Il vero protagonista del romanzo Il Matto, la Prostituta e lo Scrittore non è né un matto, né una prostituta né uno scrittore. È una città, Diyarbakir (Amed in curdo), «capitale» di un territorio che non è uno Stato, ma di certo è una nazione, il Kurdistan storico. È la protagonista, seppur non ne venga mai citato il nome, perché è lei – con i suoi spazi antichi trasfigurati da decenni di strisciante luccichio della contemporaneità capitalista – a imporre il destino ai tre personaggi del romanzo dell’autore curdo Firat Cewerî, tradotto da Francesco Marilungo per Calamaro Edizioni (pp. 144, euro 14).

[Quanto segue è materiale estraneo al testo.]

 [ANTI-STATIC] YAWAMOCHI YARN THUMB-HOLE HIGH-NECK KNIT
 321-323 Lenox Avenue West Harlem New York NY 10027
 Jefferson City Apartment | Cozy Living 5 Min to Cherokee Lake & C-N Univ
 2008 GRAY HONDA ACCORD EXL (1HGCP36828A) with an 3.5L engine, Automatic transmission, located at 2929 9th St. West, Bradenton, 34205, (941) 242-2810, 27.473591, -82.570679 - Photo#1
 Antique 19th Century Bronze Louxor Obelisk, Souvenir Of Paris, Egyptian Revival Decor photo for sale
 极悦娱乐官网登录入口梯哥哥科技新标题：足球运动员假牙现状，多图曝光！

NELLA CITTÀ, i tre si incontrano per pochissime ore, quelle brevi ma cariche nel quale è condensato il racconto, e dalla città estraggono le ragioni di un dolore personale e collettivo che sta dettando la loro esistenza. Per Temo è la pazzia germogliata in quindici anni di carcere, dimenticato dai compagni che con lui avevano condiviso l’impegno politico e ora proteso verso una vendetta di sangue puramente casuale; per Diana è la schiavitù della prostituzione tra le inquietanti mura di una gelateria dai colori pastello, opzionata in cambio della vita sua e dei guerriglieri ancora in montagna; e per lo scrittore, inchiodato dall’autore a un punitivo anonimato, è la letteratura in esilio.
Le tre diverse destinazioni originano da un’identica sorgente: l’adesione al movimento di liberazione del Kurdistan, immaginato da ciascuno come strumento di rinascita collettiva, li conduce in realtà a disfare le proprie vite, a ricevere indietro il degrado della solitudine e lo stigma del fallimento. Perché la città, che avevano sognato libera, non li vede nemmeno. Non vede Temo, non vede Diana. E se li vede, li giudica con disprezzo, vite ripugnanti da evitare – il Matto – o da privare della dignità – la Prostituta – riconoscendo superficiale legittimità e banale riverenza solo allo Scrittore impegnato in una fuga che è un’auto-persecuzione.

SE IL FORTUITO incontro delle tre vite fa immaginare, se non una redenzione, per lo meno una via di uscita dalla sofferenza inaspettatamente condivisa, a emergere dalle pagine del romanzo è l’abissale distanza tra le piccole stanze in cui i tre personaggi si raccontano e l’apatico spazio aperto di una città ostaggio di un antico colonialismo ma che si pretende borghese e si sogna aristocratica.

Firat Cewerî – uno dei pochi esempi di autore curdo che decide di scrivere nella propria lingua madre, per secoli colonizzata e privata di una sua letteratura come scrive nella nota introduttiva il traduttore Marilungo – ha il merito di narrare con una penna onirica, a tratti surreale, scavando nei pensieri più intimi e terrorizzanti e traducendo in carne viva, fisica, le elucubrazioni più distopiche di tre anime in fiamme. Una penna che segue, forse senza volerlo, lo stile che da anni ormai è tra le cifre più ricorrenti della fiorente e modernissima letteratura mediorientale.